== Provided information ==
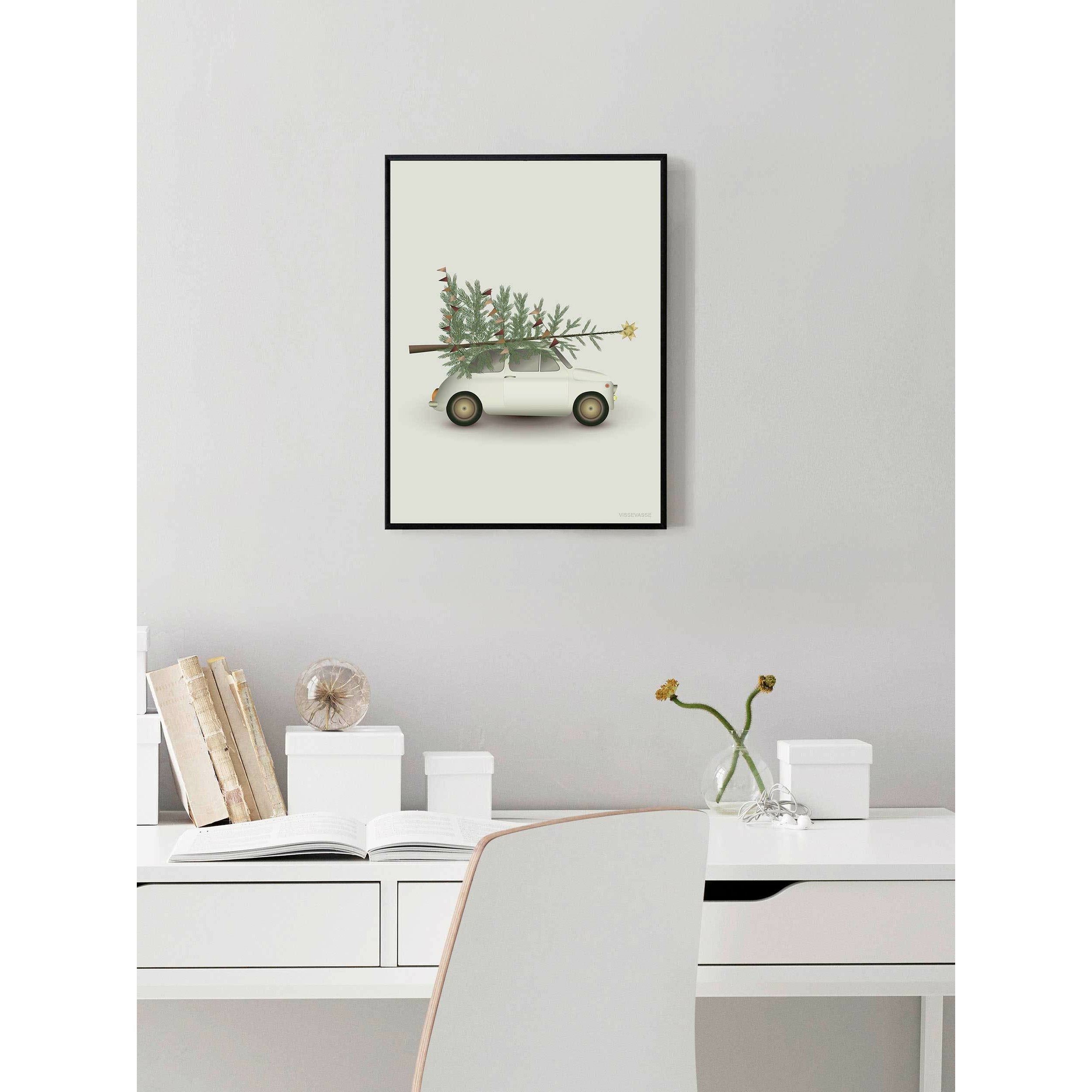 Vissevasse Tree de Navidad y Cartel de Little Car, 30 x40 cm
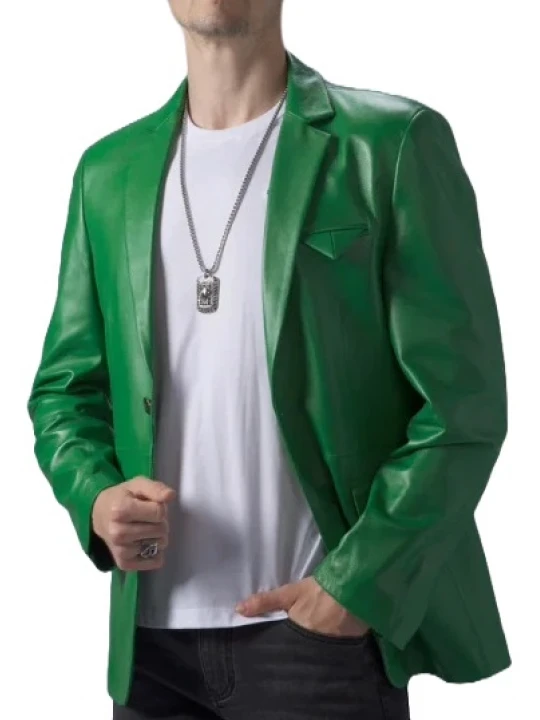 Notch Collar Green Leather Blazer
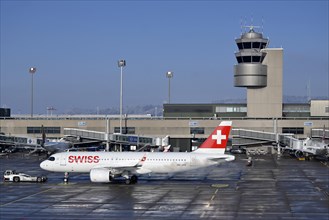 Control tower and aircraft Swiss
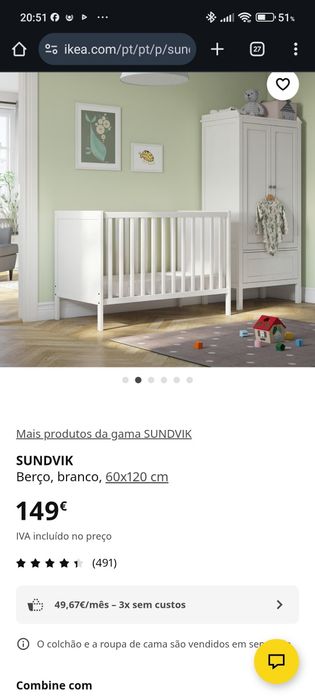 Berço ikea com colchão criança bebé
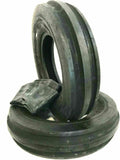 Two 5.00-15 Tri-Rib Front Tractor Tires Heavy Duty with Tubes F2 3-Rib 500x15, Wheels for Superior Control, Stability, and Performance in Farming Operations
===
[What this task involves] The required output is the lines from the one containing "Berço ikea com colchão criança bebé" through the end of the records above, reproduced exactly, with no pictures.

[Exercise output]
 Berço ikea com colchão criança bebé
 Two 5.00-15 Tri-Rib Front Tractor Tires Heavy Duty with Tubes F2 3-Rib 500x15, Wheels for Superior Control, Stability, and Performance in Farming Operations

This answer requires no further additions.